Douglas Frantz (born September 29, 1949 in North Manchester, Indiana) is an American Pulitzer Prize-winning former investigative journalist and author, and served as the Deputy Secretary-General of the Organisation for Economic Co-operation and Development from 2015 to 2017.

He resigned as Los Angeles Times Managing Editor in 2007 after blocking the publication of an article about the Armenian genocide; Frantz said his resignation was not related to the ensuing controversy.

Career 
Frantz graduated from DePauw University in 1971 and earned a M.S. from the Columbia University Graduate School of Journalism. He was an investigative reporter for the Los Angeles Times, the Chicago Tribune, and The New York Times.

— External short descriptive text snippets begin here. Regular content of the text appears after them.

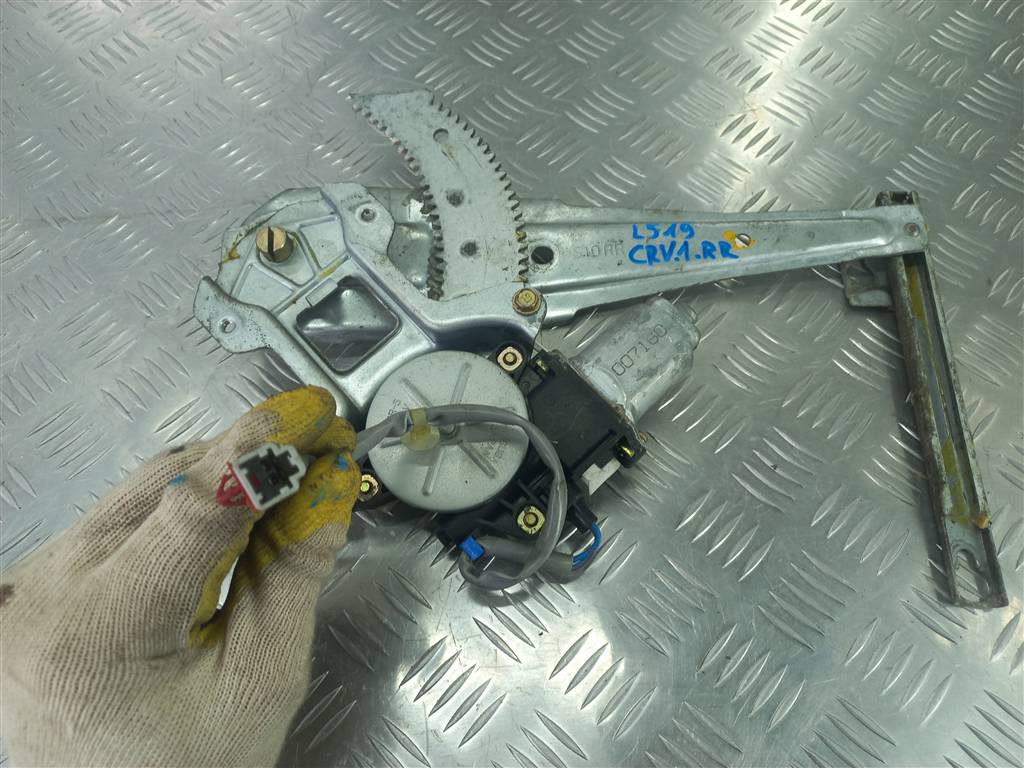 стеклоподъемник HONDA CR-V CR-V  I рестайлинг (1998—2001) 72715-S10-013, 4430 рублей, Москва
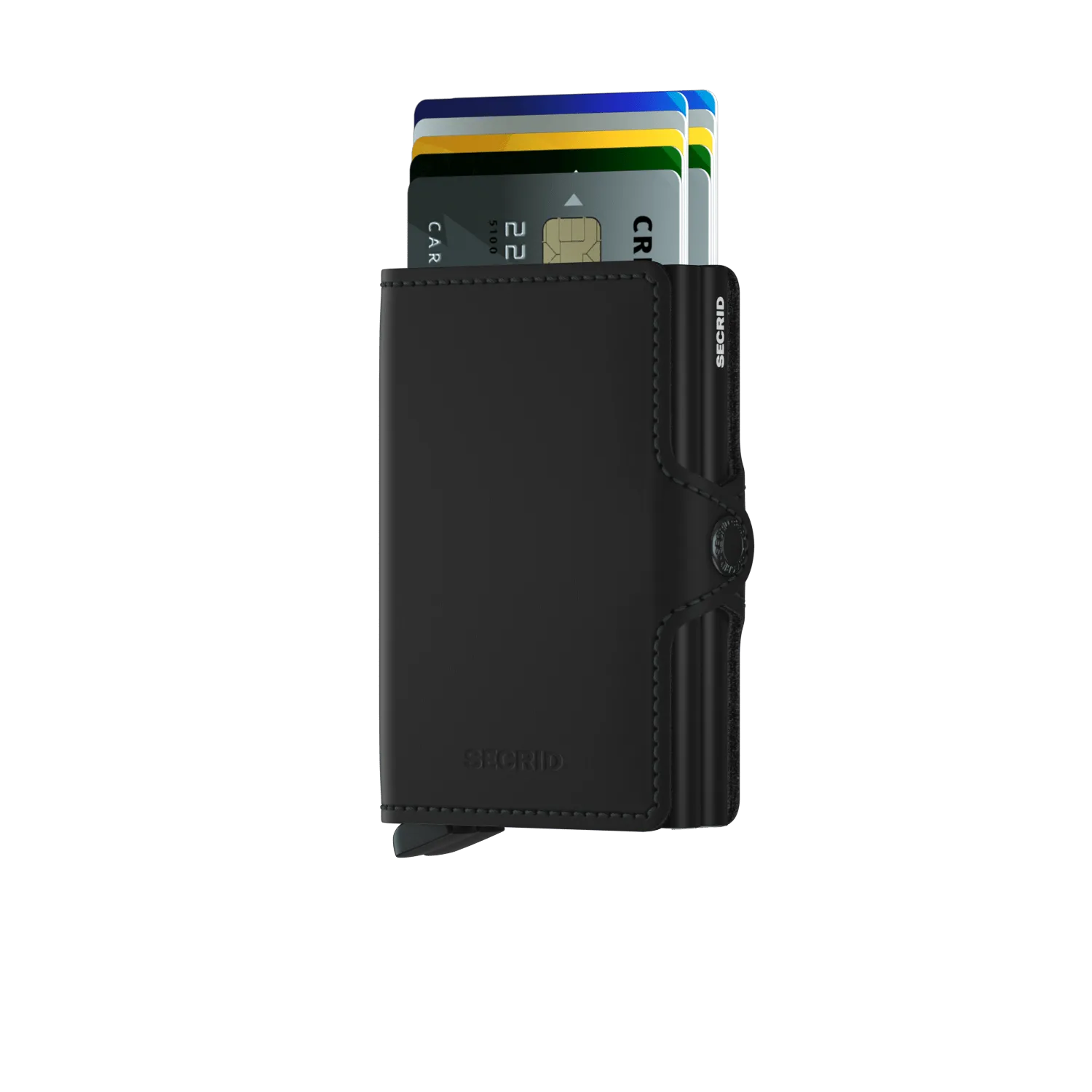 Twinwallet Matte Black RFID Secure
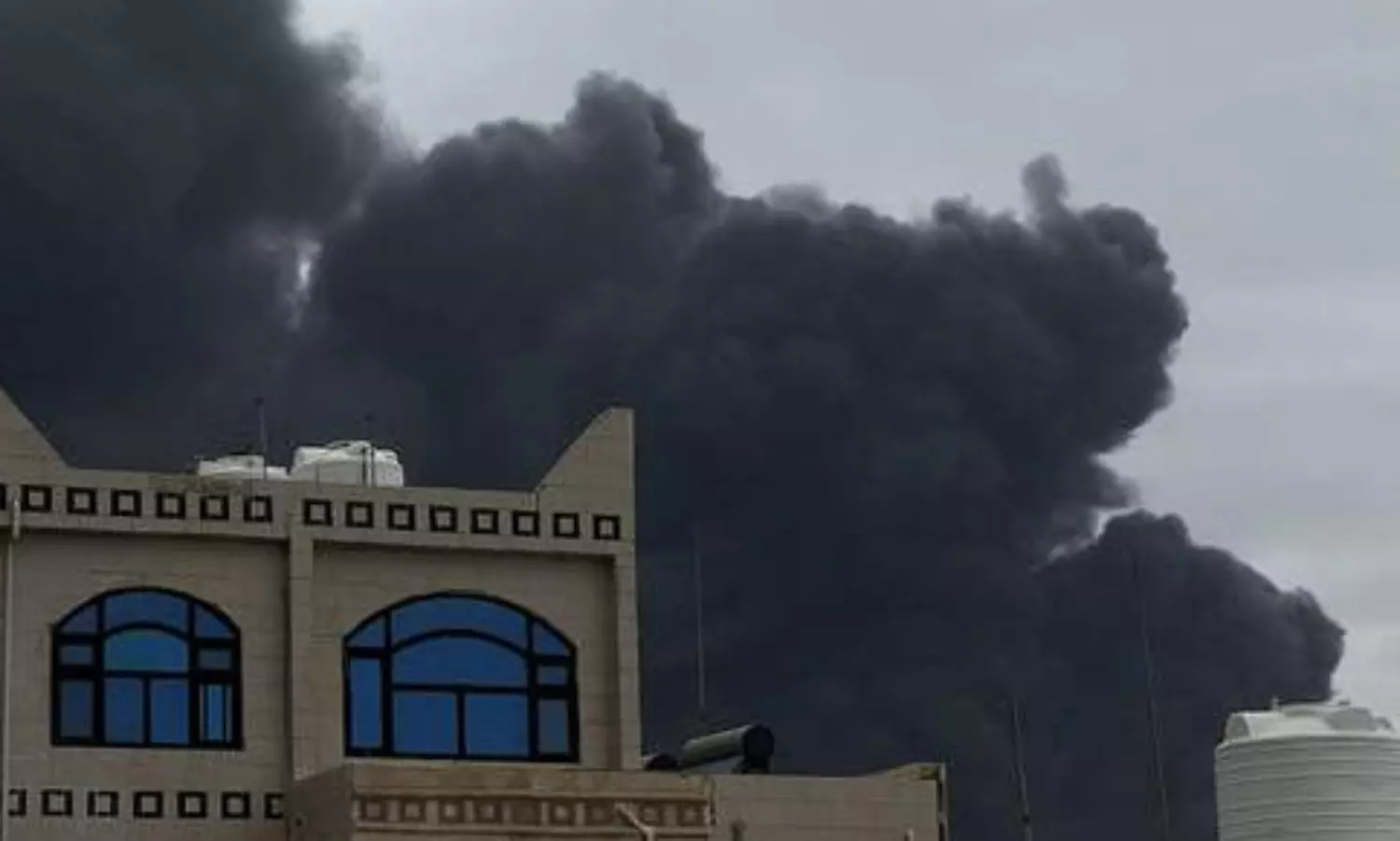 Israel claims strike on Yemen’s main airport in Sanaa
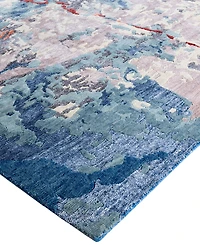 Adorn Hand Woven Rugs Indo Modern M7318 8'4"x10' Area Rug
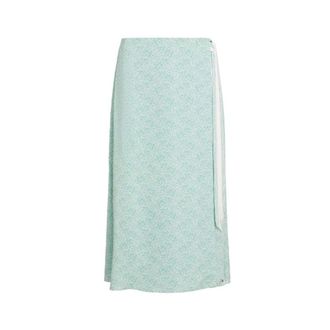 Tommy Hilfiger Donna, Gonne, Verde, S, new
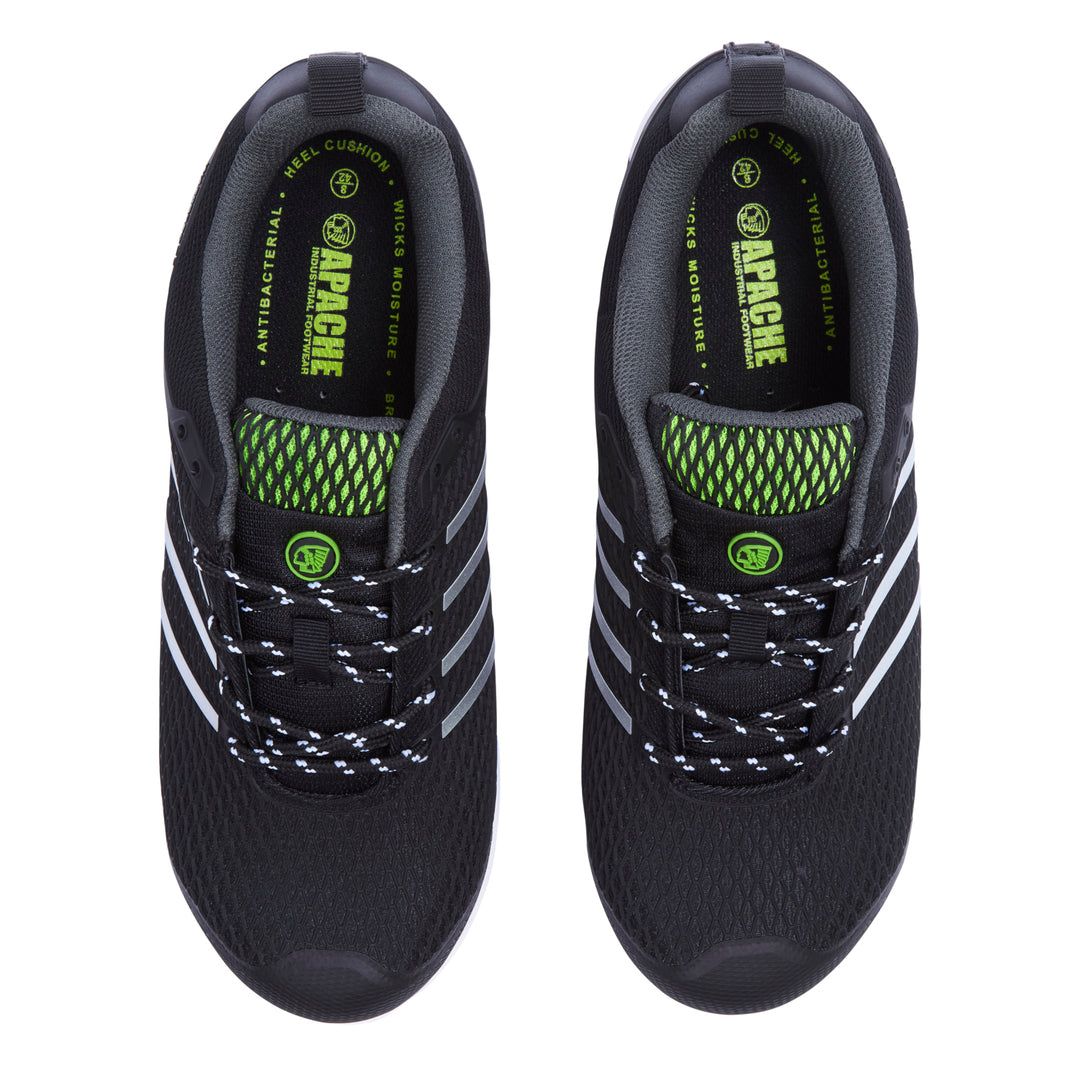 Apache Black MOTION Waterproof Safety Trainer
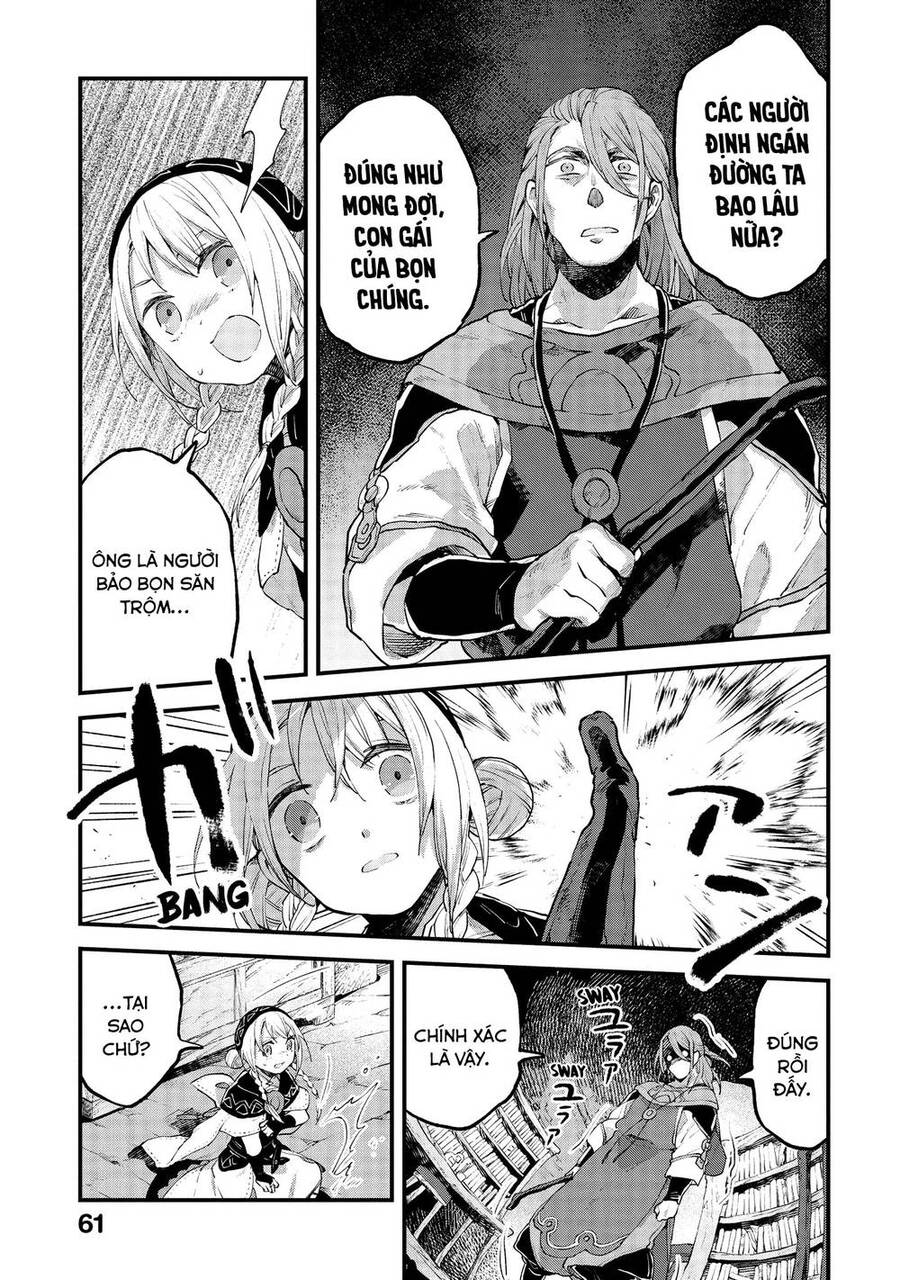 Alpi - Người Đưa Tiễn Linh Hồn Chapter 17 - 28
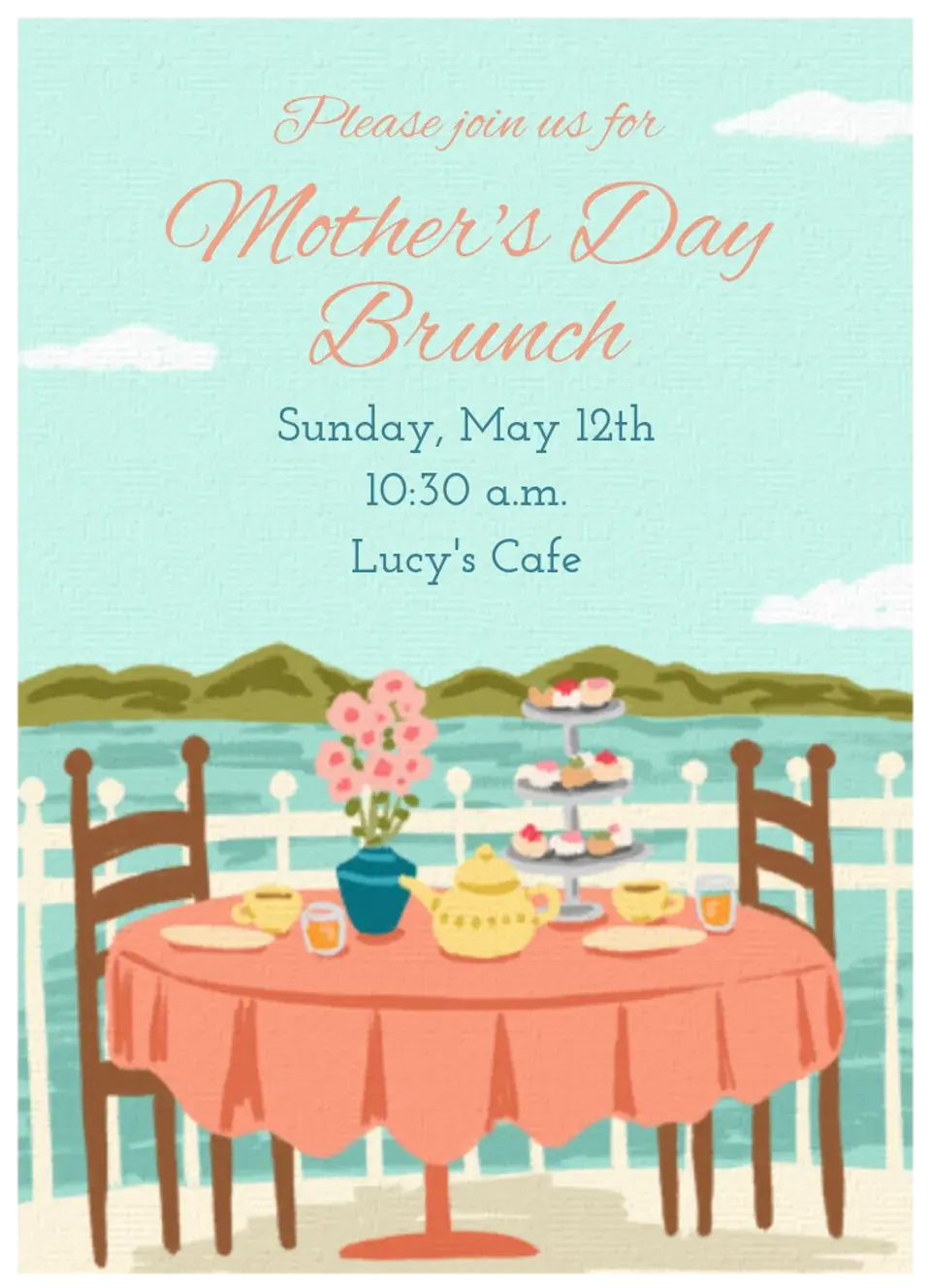 Scenic Brunch card image
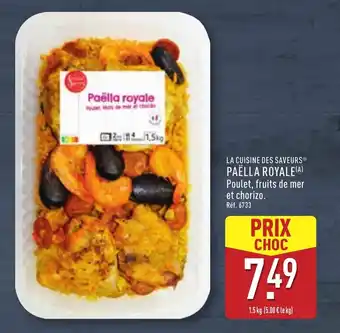 ALDI Paëlla royale offre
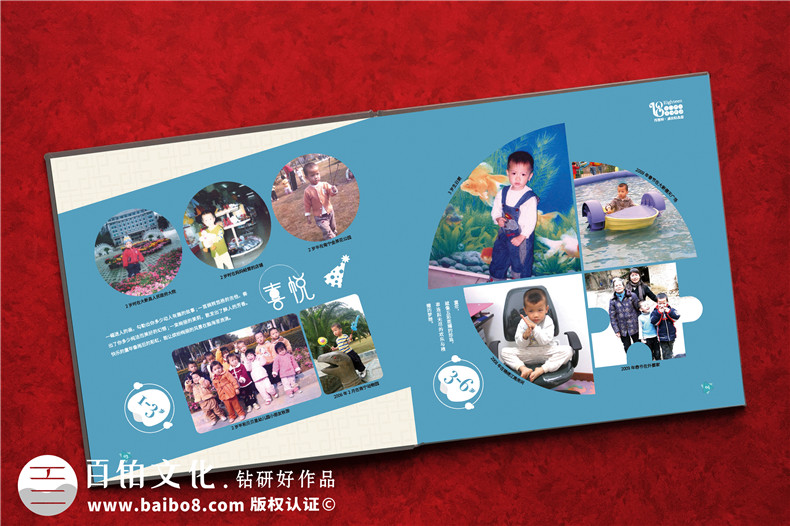 送兒子成人禮影集-給孩子18歲生日制作相冊(cè)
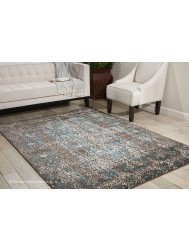 Odyssey Blue Rug - Thumbnail - 2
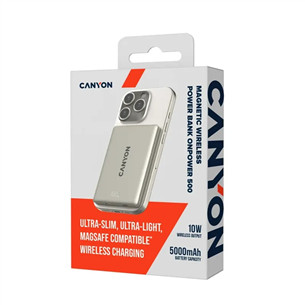 Canyon On Power 500. 5000 mAh, starlight grey - Power bank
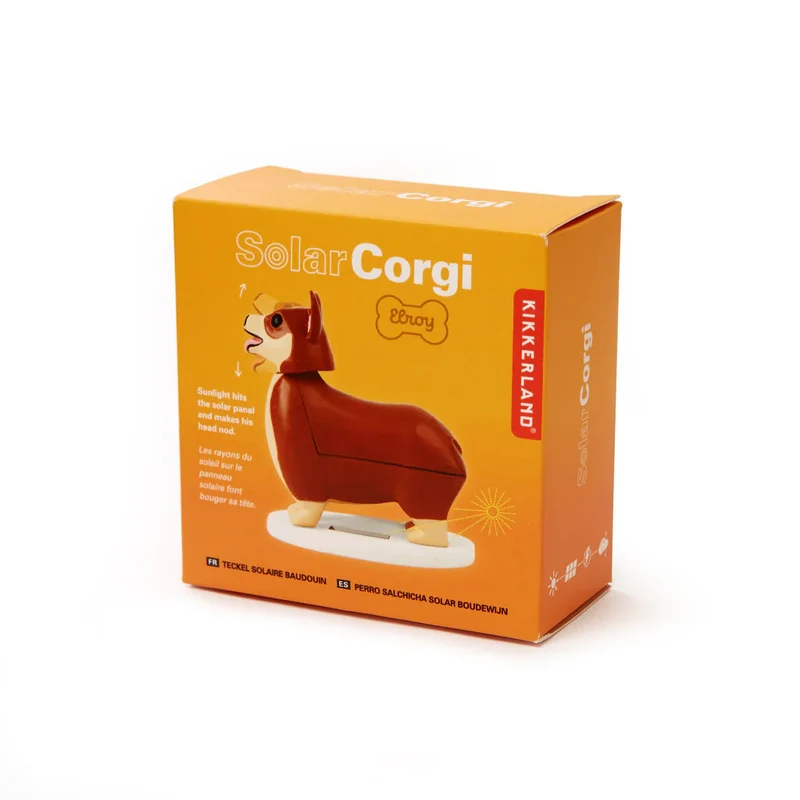 ELROY THE ROYAL SOLAR CORGI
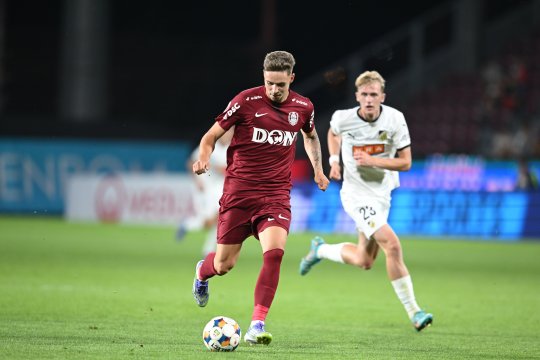 ”Pentru 10 milioane de euro îi punea și fundiță Varga”. Nu crede în ofertele primite de CFR Cluj pentru Louis Munteanu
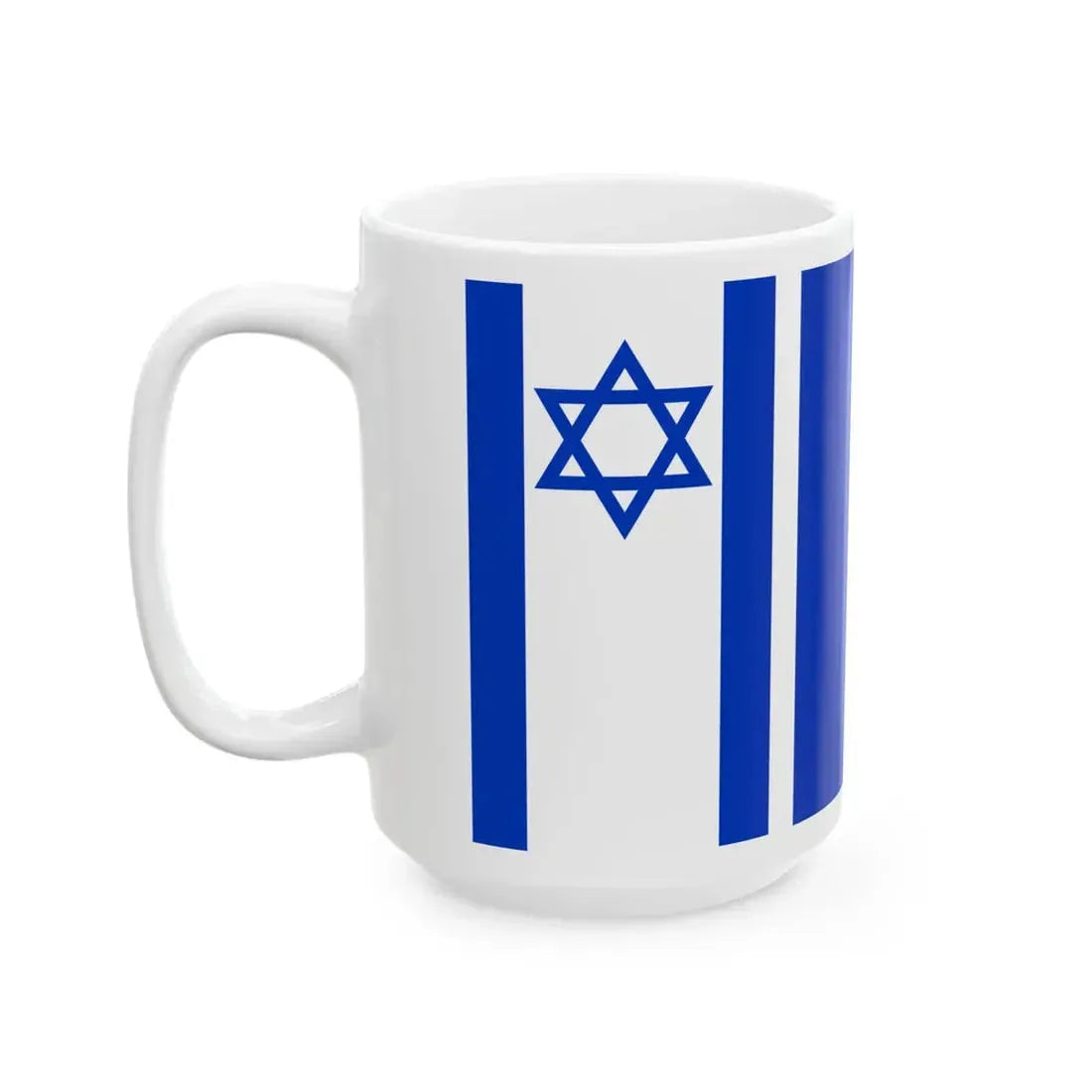 Proposal No.3 in HaDegel 1948 (Israel) White Coffee Mug - Go Mug Yourself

Frantz served as the Istanbul bureau chief for The New York Times, and the managing editor of the Los Angeles Times from 2005 to 2007. Frantz was chief investigator for the Senate Foreign Relations Committee. He is also the former Managing Director of Kroll’s Business Intelligence Washington office.

From 2013 to 2015, Frantz served as the State Department's Assistant Secretary of State for Public Affairs.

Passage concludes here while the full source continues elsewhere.